Titre : « La mondialisation n’est pas coupable. Vertus et limites du libre-échange »
Auteur(s) : Paul Krugman, Prix Nobel d’Economie en 2008
Année de publication : 1996 aux Etats-Unis, 2000 en France.
JEL Classification Code / Thème : F. International Economics
I. Résumé de l’ouvrage
La mondialisation n’est pas coupable est considéré comme l’un des principaux ouvrages de l’économiste Paul Krugman, dans lequel il souhaite répondre à la « théorie pop du commerce international », celle qui revient à considérer que l’économie internationale est un jeu à somme nulle. Selon lui, cette croyance revient à considérer les Etats comme des entreprises faisant de la compétitivité une « dangereuse obsession ». Ce livre est ainsi l’occasion pour lui de détailler les limites de cette conception de l’économie mondiale et de développer plusieurs grilles de lecture sur la mondialisation économique et ses effets.
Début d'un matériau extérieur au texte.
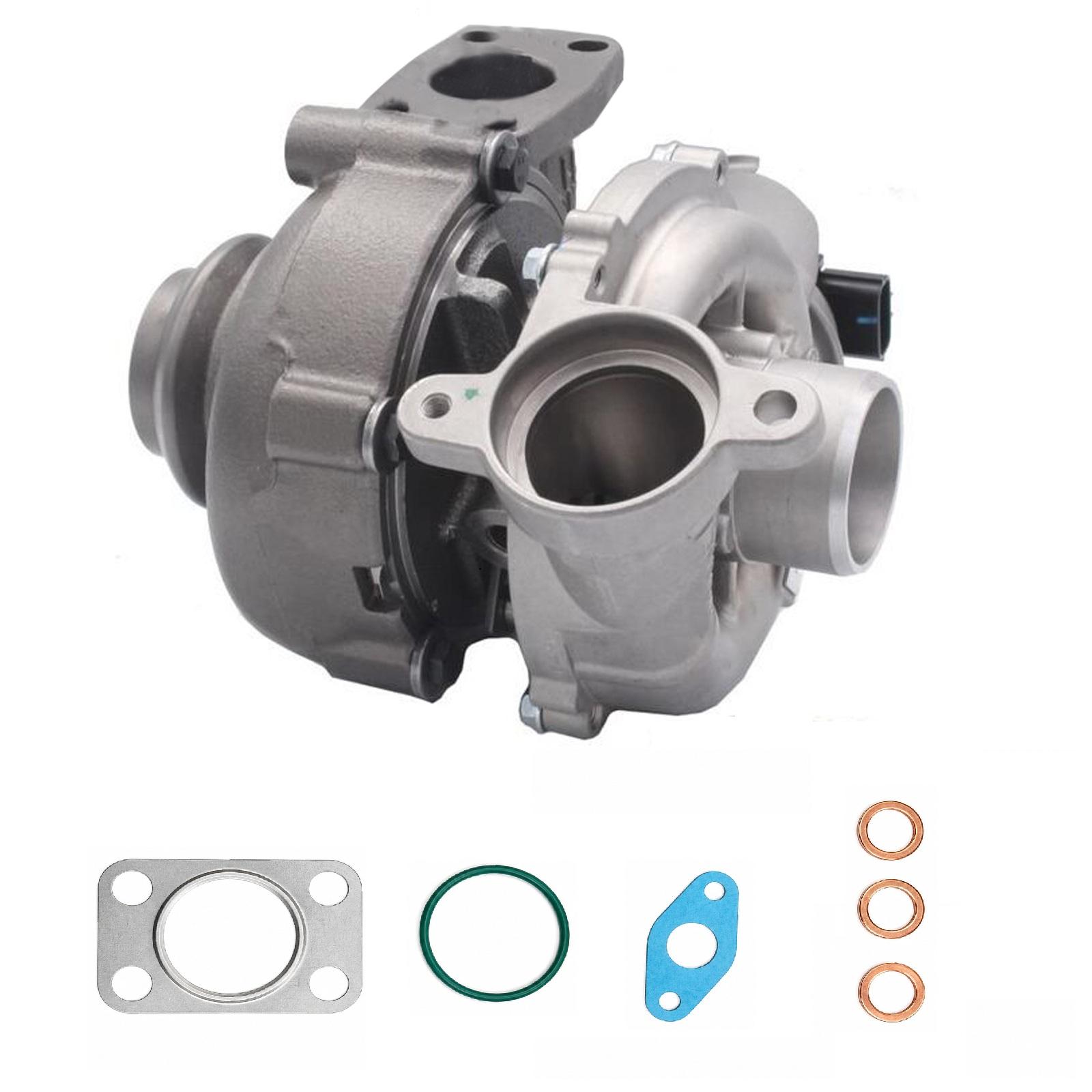 Turbocompresseur Turbo pour Peugeot Citroen 207 307 308 C4 1.6 HDi 110 114 PARTSLINE SC59931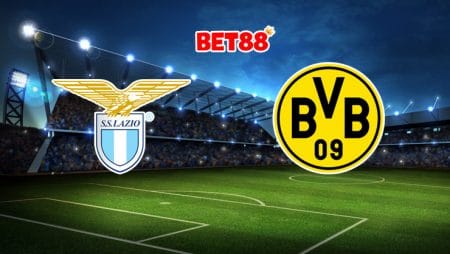 Soi kèo bóng đá M88 trận Lazio vs Dortmund, 02h00 – 21/10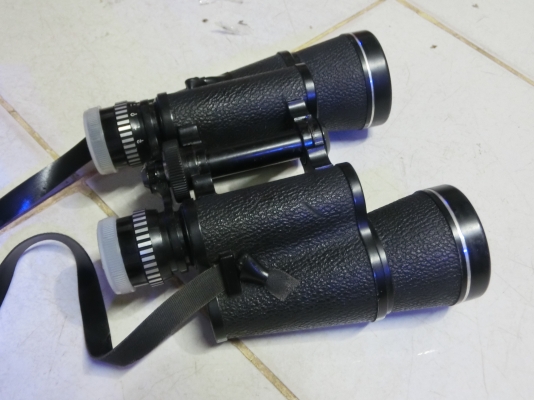 กล้องส่องทางไกล BRIGHT กำลังขยายขนาด 30*50 Field 3 เลนส์ COATED LENS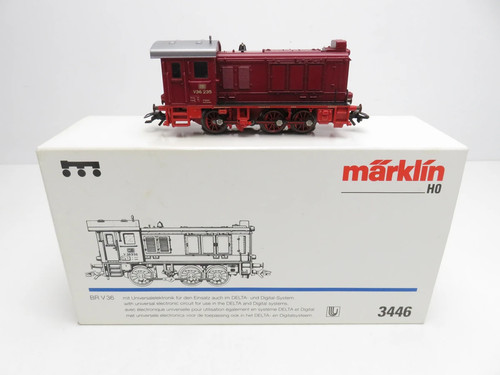 Märklin 3446 - (qq0135),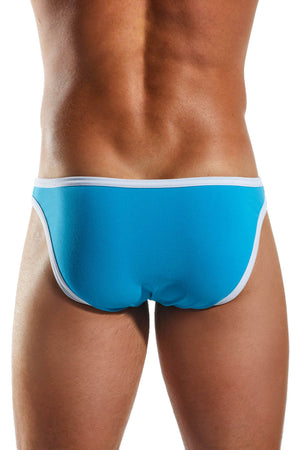Shop-Cocksox Underwear CX01BD Men's Brief - Baseline Blue-MensUnderwear.io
II. Contexte de l’œuvre / Analyse critique
Lors de la publication de l’ouvrage, l’économie internationale est naturellement bien différente de ce qu’elle est aujourd’hui. L’Euro n’est pas encore entré en vigueur, les Etats-Unis sont en pleine période de croissance, mais nous commençons à mesurer et apprécier les effets de la mondialisation. L’ouvrage centralise également des conférences et publications de Krugman sur ces sujets, ce qui explique une diversité d’approche et de style tout au long du livre. Dans le style traditionnel de Krugman, le livre est un véritable pamphlet dans lequel l’auteur n’hésite guère à émettre des critiques directs envers d’autres économistes comme Robert Reich ou Lester C. Thurow,
Pour Krugman, la popularité de la « théorie pop du commerce international » vient de sa simplicité, l’attrait de la compétition (« le frisson fait vendre ») et du fait qu’elle permette de se déresponsabiliser de ses propres échecs, en attribuant la responsabilité du chômage, par exemple, à la mondialisation. Pour autant, il souligne précisément les dangers potentiels de cette théorie et de l’obsession croissante pour la productivité : 1) la détérioration de la qualité des débats économiques 2) le gaspillage des fonds publics 3) la possibilité de guerres commerciales, qui réduisent effectivement le commerce international à un jeu à somme nulle. Selon lui, « le diagnostic sur la compétitivité invite inévitablement à fermer les frontières plutôt que de courir le risque que de voir des étrangers vous prendre les emplois bien rémunérés ».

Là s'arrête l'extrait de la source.